The UX and complexity of supporting Lightning is still considerable,
adoption is still very low, and there are many unsolved attack vectors and
risks that remain untested due to Lightning's low prevalence.

Further, zero-conf is also useful as a tool in improving Lightning
onboarding, rebalancing, splicing, and UX overall. Bitcoin second-layers
are only as good as the base layer, everything else is a tradeoff.

Bitcoin core 24 with the full RBF option is already out in the wild at
> around 5%+ of running nodes and growing, so it's too late to kill it.

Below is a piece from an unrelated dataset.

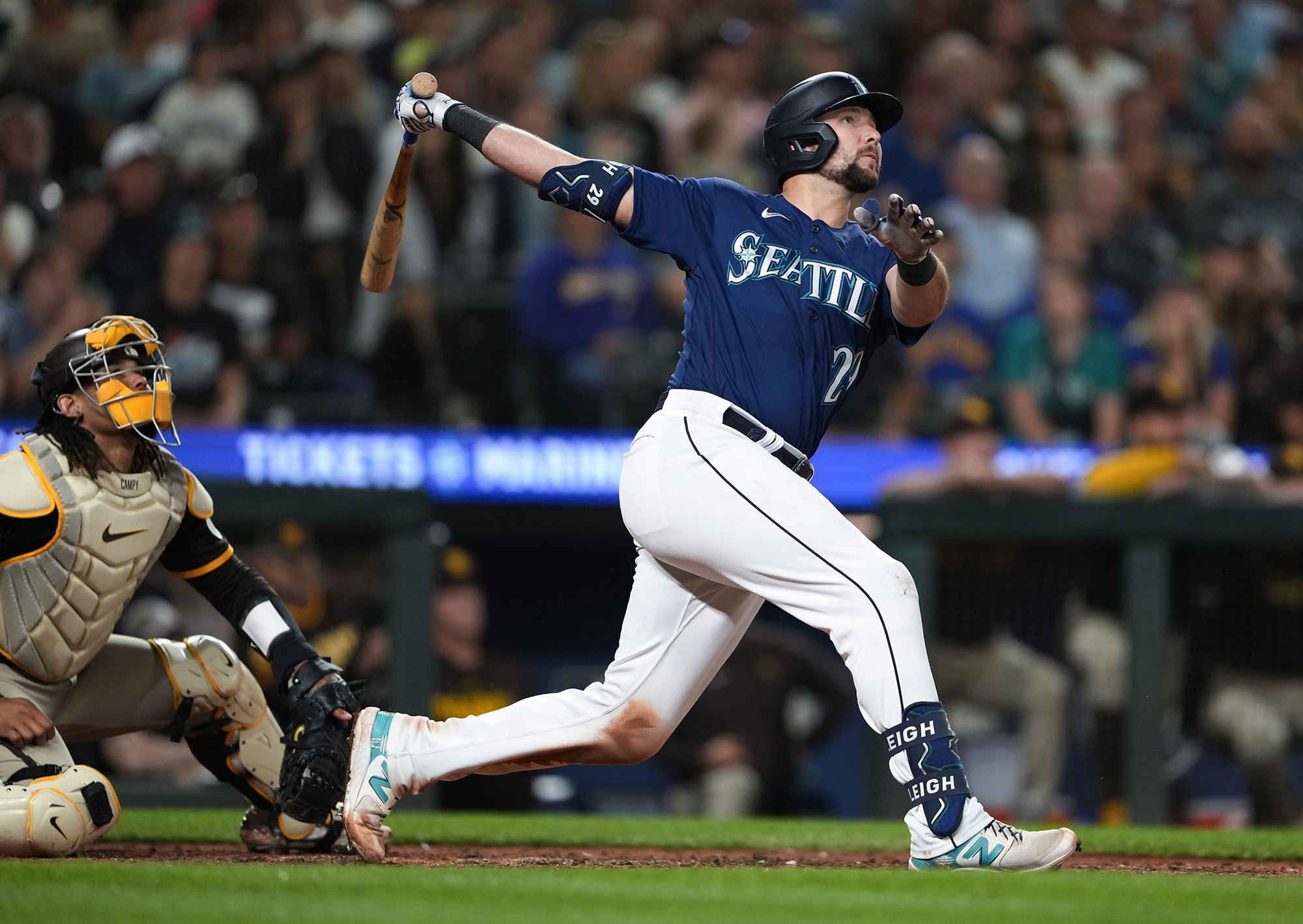 Seattle Mariners' Cal Raleigh watches his two-run home run next to San Diego Padres catcher Luis Campusano during the eighth inning of a baseball game Wednesday, Aug. 9, 2023, in Seattle.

This is pure speculation. If Bitcoin Core publishes an update without the
mistakenly-rushed feature, the mempoolfullrbf movement is likely to die on
the vine as users opt into the latest versions more and more, as evidenced
by all older versions decreasing in usage over time. The incentive to run
old versions, just to be able to force non-RBF txns to be treated as RBF,
is lower than the incentive and likelihood of updating. Frankly, such an
incentive is mostly obscure, vindictive, and perverse, IMO.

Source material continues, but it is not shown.